そこへゆく途中の港では丁度今の時期が漁期にあたる鮭水揚げが行われていて、船からドバーッ・ドバーッと網でコンテナーにあげられている様子が見られました。左上の箱は全部が見事な鮭です。これが全国に送られて、みんなの胃袋に入るのですよね。やがて切り身の鮭になって・・・。
感動市場は賑やかでした。午前中だけしか開いていません。どれもみな美味しそうですがここで買ってもどうにもなりませんから、明日から二日の船旅の間に船室で慰みに食べるタラバガニの足を半身分だけ買いました。船の冷蔵庫に保存します。

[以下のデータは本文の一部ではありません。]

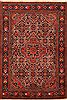 Hamedan Blue Hand Knotted 33 X 410 Area Rug 253-26754 Thumb 0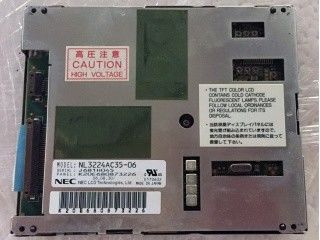 NL3224AC35-06 5.5 Inch LCD 30 Pin Otomotiv TFT Ekranları 50/50/25/25 (Tip.)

知床観光のクルーズ船に乗る予定でしたが、海が荒れて観光船オーロラ号が欠航となりましたので、取りやめ・・。
タクシーでフリー観光をすることにいたしました。 |
天都山・流氷館 | |
天都山に登り、流氷館に入りました。ドライバーが「18度ですけれど大丈夫ですか?」と聞きます。18度だったら快適じゃないのと思って「ダイジョウブ。ダイジョウブ」と言うとそれにはマイナスをつけなければならない温度だったんですよ。ここの人々は寒いのが当たり前で、会話には「25度になるとヤッパリ寒いね」と言う調子なのでした。ダイジョウブでなかった私達はガウンを着込んで今年の流氷に手をふれて参りました。 キタキツネとアザラシの剥製が流氷の上にいましたヨ。可愛かったです。 |
網走監獄博物館 | |
網走刑務所の建て替えに従って、歴史的建造物として残して置くことに決まり、監獄当時の建物をそのまま移築して造られた博物館です。 裁判所、留置所の模擬施設や、北海道開拓時に囚人を労働力として使役するためのタコ部屋、実際の牢獄の状態を等身大の表情も生々しい人形を用いて展示してあります。法廷展示などでは「静粛に」と声をかけられそうでした。 規律違反者への懲罰は厳しく、拷問の道具なども展示されていて、恐ろしかったです。 旧士族で明治薩長政権に反抗した人々をはじめとして徳田球一、宮本顕治などもここに収容されたと聞いています。監視下の入浴も展示されていましたが、背中の刺青までつくられていました。 北海道の開発はここの囚人によるところが多く、工事中に死亡すれば、その場に埋めて工事を進めたので、その白骨が農場開拓時にみつかることがあったとか聞きました。戦時中には南方戦線に囚人を道路工事などにかり出したりしたのだそうですね。冷酷で重い過去を持った監獄だったのですね。 |
択捉島が見えました。雲を被っていますからはっきりしませんが、大きな島です 北方四島問題を言い出すと、政治問題になってしまいますから、ヤメにするとしましても、今回の旅行で解ったことは国後、択捉の両島は大きい島で、歯舞、色丹はまことに小さい島だと言うことでした。歯舞諸島と言うくらいで、小さな島々からなっているのが、歯舞だと知りました。また無知をさらけだしました。恥ずかしい限りで、ハンセイしきりです。千島列島として日本地理で習った記憶のあるこの列島はクリル諸島となって今の世界地図には載っています。 60年と言う歳月を思い、切ない思いで見て通りました。それはさておき、北にむかっているとは言え、暖かい日差しでちっともそんな感じがせず、心地よい日々です。 洋上に二日間と言うことで、船のほうではいろいろとイヴェントを考えてくれています。写真の仮装は国籍不明。船のスタッフの方です。マトリューシュカを持っていますからロシアのつもりでしょうね。私は仮装をしなくとも、見せ物になりそうな格好ですから船室に籠もっていました。
それでも買ってきた網走ビールとタラバガニの脚がありますから十分に楽しめました。
本もあれこれ、滅多に読まない古典文学なんかを船のライブラリーから借用してきて読みました。ベッドの上で時折誘われる眠りにも自然に同調しているというのは、家にいるときとはちょっと違う贅沢な時間の使い方でした。羨ましがらせるつもりで書きましたが、本当は少し退屈でもあります。